The sun rises up and it's morning again.  I am feeling more energized as we get more daylight.  I leave Charito and Edd and move as best as I can to Horseshoe Bar.

The aid station seems to not be coming up.  I get a little agitated.  Paul says the aid station is just a half mile away.  Half mile later, I see no aid station.  I ask a runner passing in the other direction how far is the aid station, she says about  a mile and a half.  And like before, I am so frustrated that I flail my arms, stamp my foot and curse.  Ugh.

I move along more.  I get more anxious about the time.  I am determined to get there by 7 am.  There isn't a 7 am cutoff but for some reason, I must get there at 7 am.  That will leave me three hours to get back to Beals Point.  So, I run and hike along as best as I can.  I am moving a lot better than I was in the middle of the night.  My feet still hurt but the pain doesn't matter anymore.  It's about getting to Horseshoe Bar.

I pass a few runners as I scurry along and eventually make it to the Horseshoe Bar Aid station.

Horseshoe Bar back to Granite Bay (Mile 96)

After a quick potty break, I fill up my water and head back towards Granite Bay.  I am running a little more than hiking now.  The running is slow but I am glad to be able to run again.

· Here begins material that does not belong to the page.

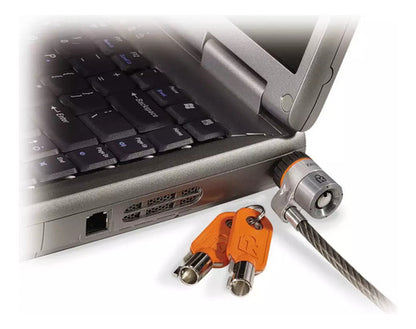Kensington Candado De Llave Laptops P7500, 1.8 Metros, Negro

Paul realizes he accidentally left his phone at the aid station so he runs back to get it.  He reminds me to keep moving and he'll catch back up to me.  I scurry along as best as I can back over the meat grinder for the fourth time in this race.  It isn't so bad this time going through as it was in the middle of the night.

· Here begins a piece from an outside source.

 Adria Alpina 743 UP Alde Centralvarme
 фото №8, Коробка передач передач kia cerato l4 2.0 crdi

My garmin starts to run low so I switch out my garmins again.  Just keep moving I tell myself.  Move move move.

Paul eventually catches back up to me and praises how well I am moving.  He says he thinks I can break 29 hours.  I tell him I just want to finish before the 30 hour cutoff.  Just need to get there.

About a mile or so from the aid station, I realize I'm around mile 95.  I am going to do this.  I tell Paul, I am going to do this.  Before, it was just things you say but now I know I can do it.  The finish seemed so far away before but now I can smell the finish.  I am really going to do this.  I am really going to finish my first 100.  What a feeling!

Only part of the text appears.